Covariant derivative and the product rule

Question

Let $(M,g)$ be a Riemannian manifold with a connection $\nabla$. It is required to satisfy the product rule: $$\nabla_X(fY) = f\nabla_X(Y) + \nabla_X(f)Y$$ where $\nabla_X(f)$ is the directional derivative of $f$ along $X$.

We can consider another product rule of the form: $$\nabla_X(Yf) = \nabla_X(Y)f + Y\nabla_X(f).$$ However, I think this fails. For instance, let me take $X = \partial/\partial u_j$, $Y = \partial/\partial u_k$ in local coordinates $(u_1,u_2,\dots)$ so that $\nabla_X(Y) = \sum_i\Gamma^i_{jk}\partial/\partial u_i$ in which case we have: $$\nabla_X(Yf) = \nabla_X(\partial f/\partial u_k) = \partial^2f/\partial u_j\partial u_k$$ while the right hand side of the expression is: $$\sum_i \Gamma^i_{jk}\partial f/\partial u_i + \partial^2f/\partial u_j\partial u_k$$ and the two expressions clearly don't match (unless $\Gamma^i_{jk} = 0$ identically).

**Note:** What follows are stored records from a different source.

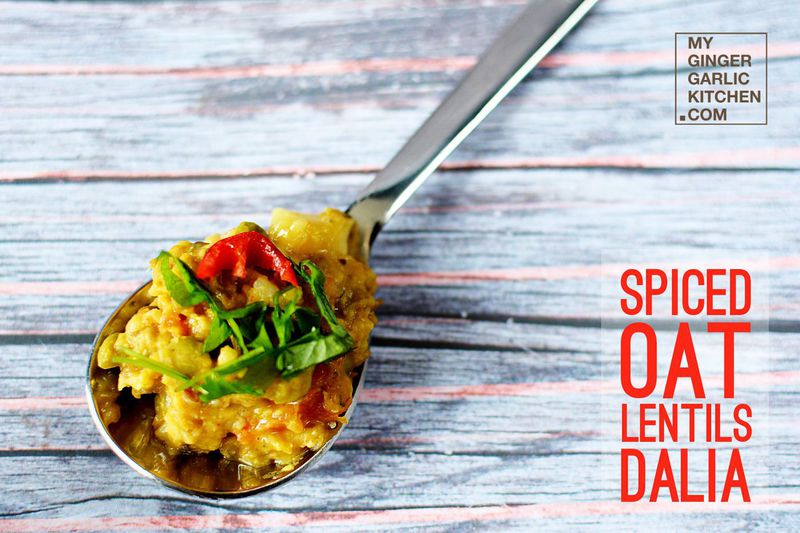 spoon with a spoon full of spiced oat lentils dalia on a wooden table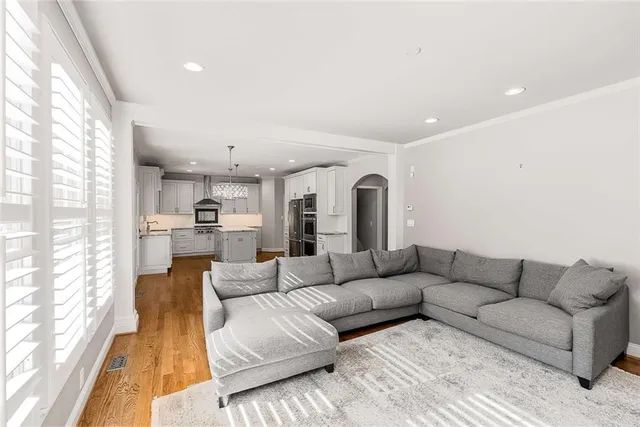 a living room with furniture white walls and a large window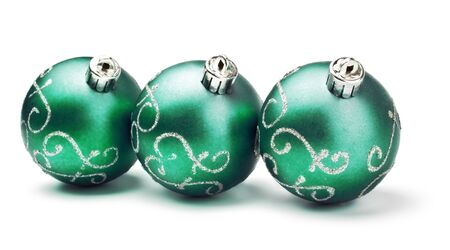 three green decoration balls isolated on whiteの写真素材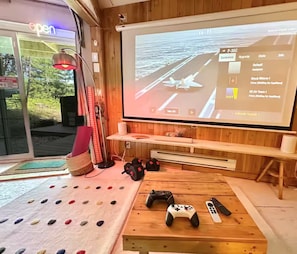 A gaming setup with a large screen, a wooden table, and gaming accessories.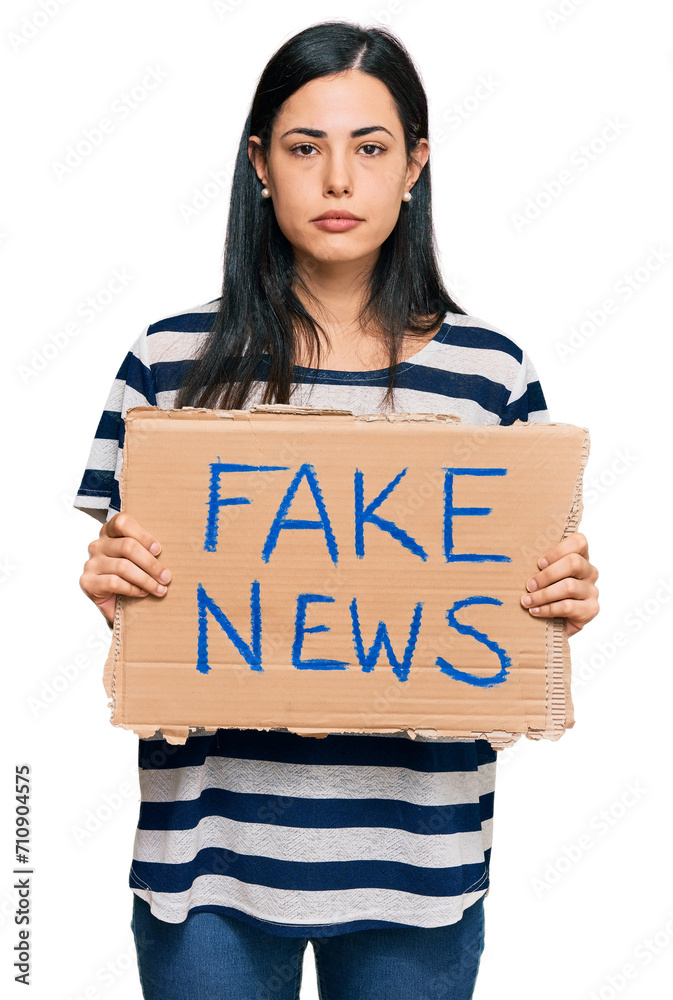 Beautiful young woman holding fake news banner thinking attitude and sober expression looking self confident Beautiful young woman holding fake news banner thinking attitude and sober expression looking self confident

Is there a mistake in my verification or does the second rule indeed fail? If so, what is special about the first rule vs the second and why do we require one to hold and not the other?

Answer 1

The second Leibniz rule

$$\nabla _X (Yf) = (\nabla _XY) f + Y(\nabla _Xf)$$

cannot be true. Indeed, re-write as

$$ Y(\nabla_X f) = (\nabla _X Y) f - \nabla_X (Yf):= A(X, Y)$$

Note that the right hand side is $C^\infty$-linear in $X$: $A(gX, Y) = gA(X, Y)$. But the left hand side is not:

$$Y( \nabla_{gX} f) = Y(g\nabla_X f) = Yg (Xf) + g Y (\nabla_X f) \neq g Y (\nabla_X f).$$

Indeed,

$$\nabla_X (Yf) - \nabla _Y(Xf) = [X, Y] f$$

is the Lie bracket and is well known to be not tensorial.